Agora na Sauber, Nasr pede paciência e critica automobilismo brasileiro

  • Por Jovem Pan
  • 07/11/2014 11h27

Felipe Nasr assinou com a Sauber e será o segundo brasileiro na Fórmula 1 em 2015

Felipe Nasr

Felipe Nasr está realizando um sonho e será o segundo brasileiro na Fórmula 1 em 2015. O ex-piloto reserva da Williams assinou contrato de dois anos com a Sauber nesta semana e agora tentará representar bem o Brasil na principal categoria do automobilismo mundial.

Ciente da pressão que terá que enfrentar, sobretudo de parte da torcida, Nasr pediu um voto de confiança.

“Não só agora, mas todos os anos, o brasileiro sempre teve vontade de ter um bom representante na Fórmula 1. A minha mensagem para todos é que eu estou chegando agora, é uma equipe, tecnicamente falando, que você não pode esperar que seja uma equipe vencedora no ano que vem”, disse. “Agora que tive a oportunidade, eu quero fazer o meu trabalho bem. Tenho muita coisa para aprender na Fórmula 1, eu não conheço todos os circuitos, é uma equipe nova para mim, tem muito a parte da adaptação, mas é um desafio, eu aceitei e me sinto preparado para isso. Quero, em breve, ter bons resultados em minha carreira na Fórmula 1, pensando a longo prazo, e espero representar o Brasil muito bem”, prosseguiu.
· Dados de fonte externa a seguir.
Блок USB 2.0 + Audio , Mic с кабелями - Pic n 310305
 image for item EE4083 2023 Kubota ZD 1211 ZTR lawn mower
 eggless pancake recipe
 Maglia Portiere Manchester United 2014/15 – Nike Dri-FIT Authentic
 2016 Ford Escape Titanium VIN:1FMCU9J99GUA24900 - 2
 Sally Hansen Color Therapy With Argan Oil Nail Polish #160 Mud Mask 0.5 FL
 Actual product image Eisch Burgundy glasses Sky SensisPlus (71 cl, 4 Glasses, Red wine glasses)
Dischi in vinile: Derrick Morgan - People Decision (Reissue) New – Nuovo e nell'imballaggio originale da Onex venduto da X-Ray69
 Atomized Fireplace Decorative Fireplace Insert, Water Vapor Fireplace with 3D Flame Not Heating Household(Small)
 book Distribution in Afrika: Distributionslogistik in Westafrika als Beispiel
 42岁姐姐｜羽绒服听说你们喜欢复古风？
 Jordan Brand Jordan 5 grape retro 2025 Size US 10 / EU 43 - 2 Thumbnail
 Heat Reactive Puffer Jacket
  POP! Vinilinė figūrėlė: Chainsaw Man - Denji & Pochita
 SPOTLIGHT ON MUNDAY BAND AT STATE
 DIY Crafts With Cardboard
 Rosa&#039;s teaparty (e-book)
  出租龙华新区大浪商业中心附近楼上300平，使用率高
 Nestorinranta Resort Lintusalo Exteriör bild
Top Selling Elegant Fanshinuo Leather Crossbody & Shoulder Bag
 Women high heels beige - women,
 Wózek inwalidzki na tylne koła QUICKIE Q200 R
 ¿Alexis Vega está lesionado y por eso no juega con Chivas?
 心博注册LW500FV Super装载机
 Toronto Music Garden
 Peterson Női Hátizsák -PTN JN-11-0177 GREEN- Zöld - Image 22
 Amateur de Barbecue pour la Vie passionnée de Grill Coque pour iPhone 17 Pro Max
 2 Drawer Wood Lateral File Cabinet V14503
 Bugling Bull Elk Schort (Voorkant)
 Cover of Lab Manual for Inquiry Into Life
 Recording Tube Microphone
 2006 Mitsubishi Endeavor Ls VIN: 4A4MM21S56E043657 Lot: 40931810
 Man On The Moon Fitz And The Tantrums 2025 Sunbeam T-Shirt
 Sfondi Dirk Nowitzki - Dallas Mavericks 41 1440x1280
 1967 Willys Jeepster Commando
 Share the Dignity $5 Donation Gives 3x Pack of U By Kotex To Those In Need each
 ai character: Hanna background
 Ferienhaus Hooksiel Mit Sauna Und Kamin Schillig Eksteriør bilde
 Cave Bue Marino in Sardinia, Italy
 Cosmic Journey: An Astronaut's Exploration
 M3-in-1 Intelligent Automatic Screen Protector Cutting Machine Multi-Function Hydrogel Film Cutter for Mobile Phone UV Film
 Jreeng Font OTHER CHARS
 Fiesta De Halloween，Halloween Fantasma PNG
Ao ser questionado sobre as dificuldades financeiras das equipes menores do grid, Nasr não se mostrou muito preocupado, pois ele acredita que a organização da Fórmula 1 vai tomar providências para manter esses times em atividade. Além disso, o brasileiro exaltou o histórico da Sauber em termos de formação de pilotos.

“Foi um ano difícil não só para a Sauber. O regulamento novo, teve investimento grande, então equipes sofreram para manter esse investimento, para desenvolver o carro em si, e, claro, foi um ano difícil. Mas eu acredito que a Fórmula 1 está preocupada com essas equipes, acho que alguma posição vai ser tomada para ajudá-las e isso acaba me confortando. E, claro, eu não entraria em uma equipe sabendo da condição (ruim), então tenho total confiança. A Sauber tem um histórico legal, o próprio Felipe (Massa) começou pela Sauber, o Raikkonen, então é uma equipe que te dá a oportunidade de crescer”, pontuou.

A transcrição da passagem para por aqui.